Thursday, May 20, 2010

Penny Auctions: gambling or new way to make online auctions?

Ebay is to easy for you? It does not give you enough thrill?
You should probably try a penny auction.
Maybe you have seen an appealing banner on facebook: "Mr X just bought a LCD television for 3 dollars. Visit our site".
Is it true or is it a scam? how does it work?

It is not a scam (at least if we don't consider lotto, roulette and the fortune wheel scams). Penny auctions websites introduced a very interesting mechanism: you pay to bid, so the real earning for the website is not the price you pay for the good you are bidding on, but the prices that all the bidders paid to bid.

Let's make an example: in this moment I am visiting www.beezid.com: one of the current auctions is for a LG 37'' HDTV that retails for about 700 dollars.

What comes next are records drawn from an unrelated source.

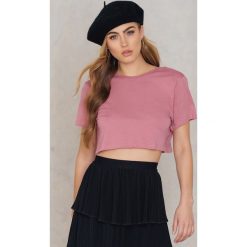 T-shirty damskie: NA-KD Basic Krótki T-shirt z pogłebieniem na plecach – Pink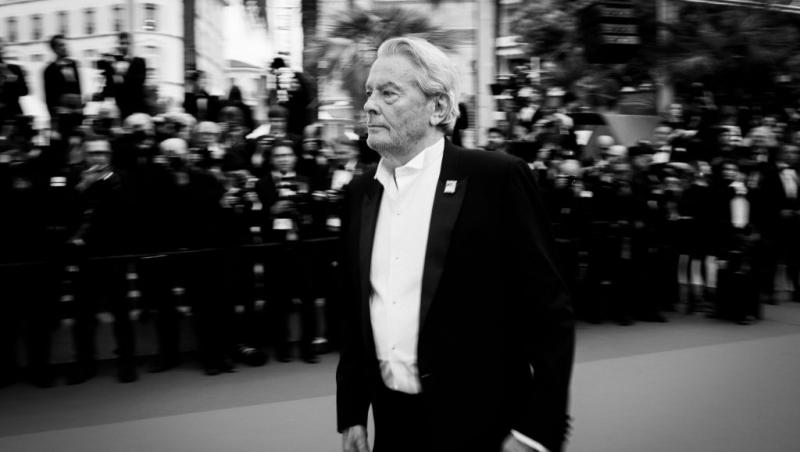 Copiii lui Alain Delon se ceartă pe moștenirea lăsată de faimosul actor. Ce mai au de împărțit la un an de la moartea tatălui lor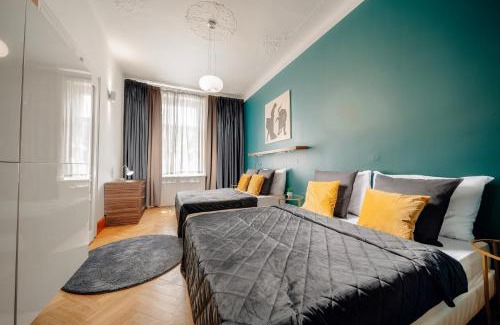 Josefov Apartamento | Heritage Haven Charming 3BR City Center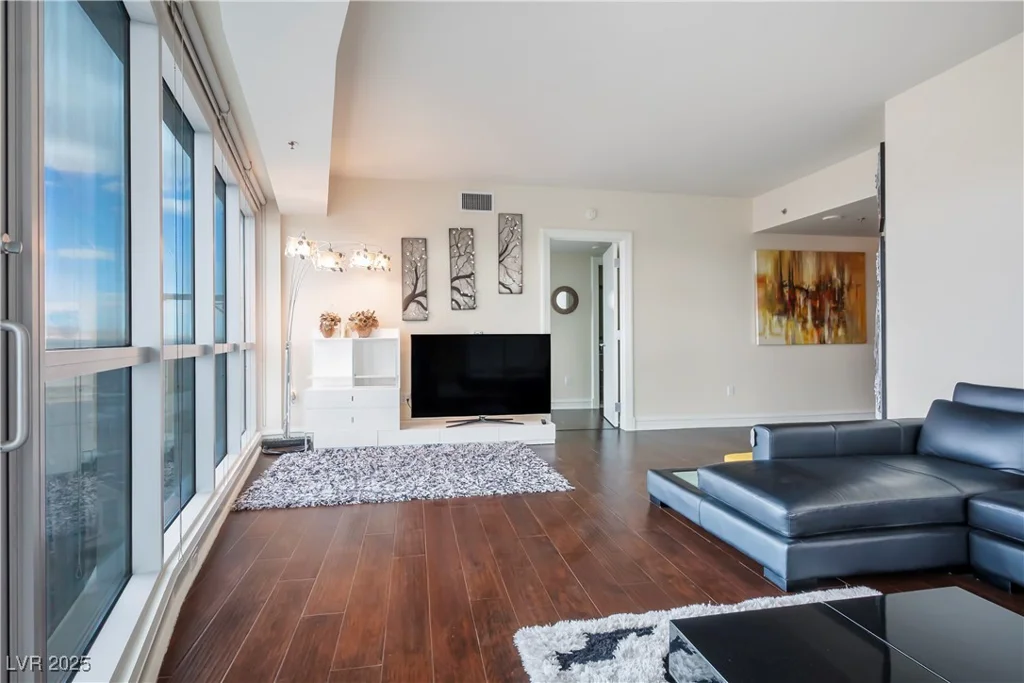 2700 Las Vegas, Las Vegas, NV 89109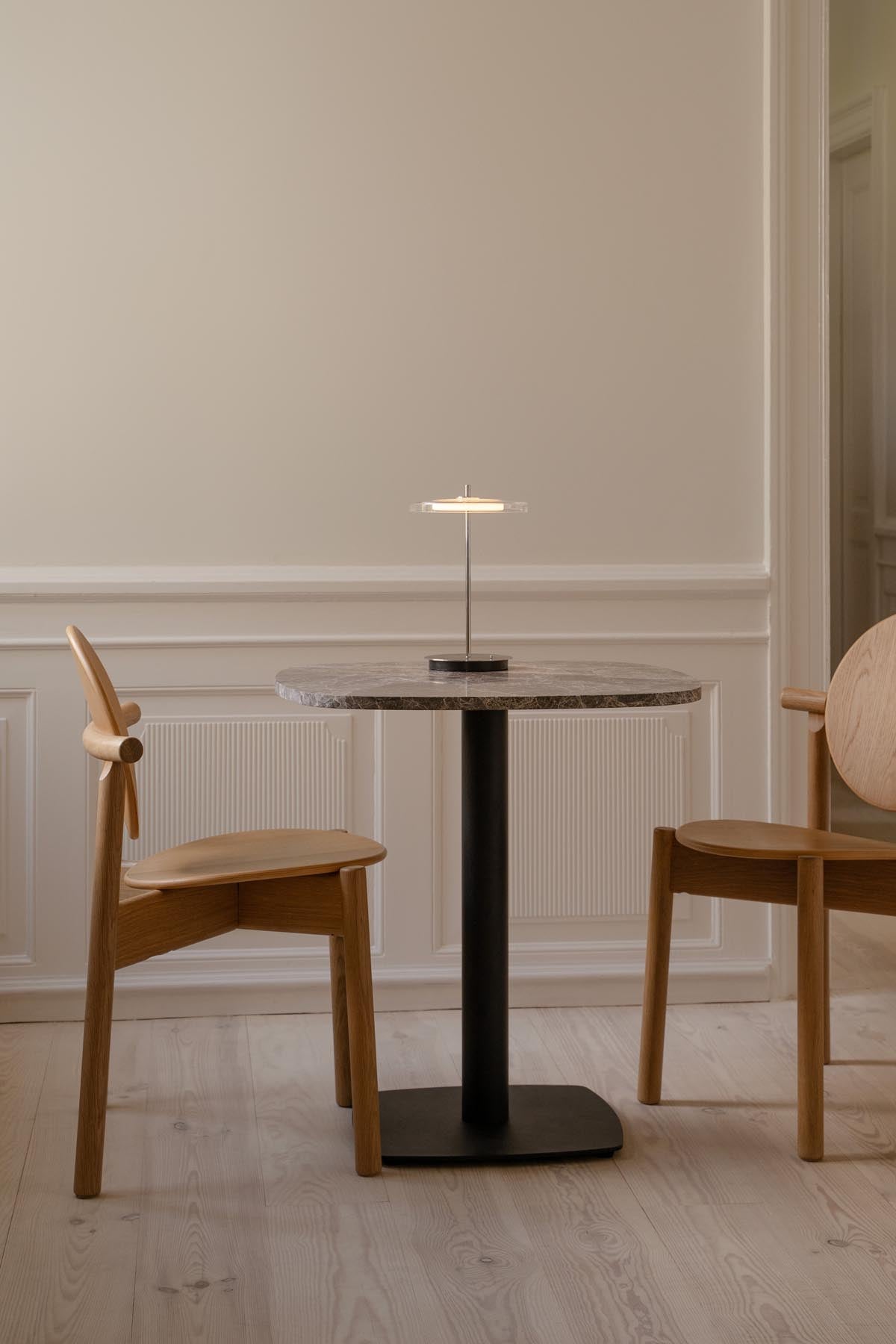 Elegante Asteria Glass Move Tischleuchte von Umage, die mit ihrem stilvollen Design und der hochwertigen Verarbeitung überzeugt.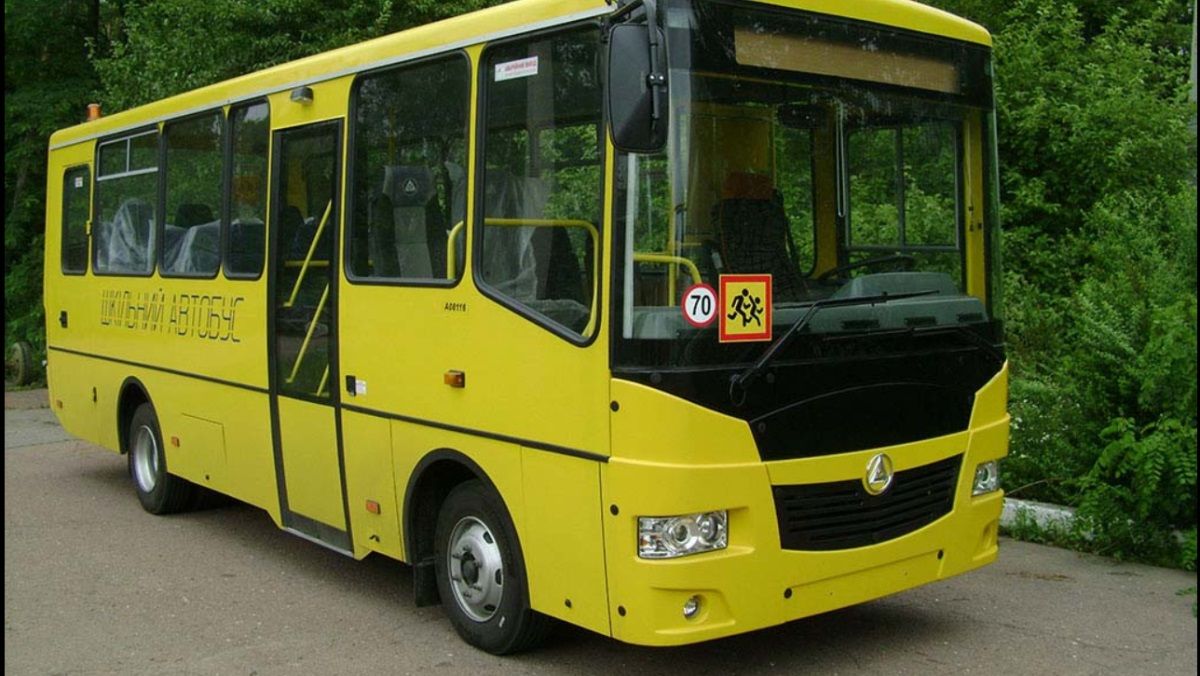 ДнепрОГА накупит школьных автобусов на 58,9 миллиона по цене выше рыночной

The auction starts from a price of 0 dollars: people start bidding and each bid increases the price of only 1 cent but costs to the bidder 1 dollar and increases the time before the end of the auction of 20 seconds...so there is always time for another bidder to outbid you!!! At this moment the price of the HDTV is 8 dollars (i.e.: 800 dollars of revenues for the website), but it recently sold for 15.60 $ (1560 Dollars of revenue).

Why is this similar to gambling? On Ebay you set your price equal to your willingness to pay, on a penny auction your willingness to pay is equivalent to the number of bids you are going to make. The problem is that a new bidder can join in any moment of time, so you don't have any kind of control on the return on your investment.